### THE DATA
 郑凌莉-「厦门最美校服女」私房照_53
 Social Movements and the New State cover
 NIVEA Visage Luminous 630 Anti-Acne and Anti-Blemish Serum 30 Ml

### EXERCISE DETAILS
Retype all the material exactly, missing nothing.

### SOLUTION
 郑凌莉-「厦门最美校服女」私房照_53
 Social Movements and the New State cover
 NIVEA Visage Luminous 630 Anti-Acne and Anti-Blemish Serum 30 Ml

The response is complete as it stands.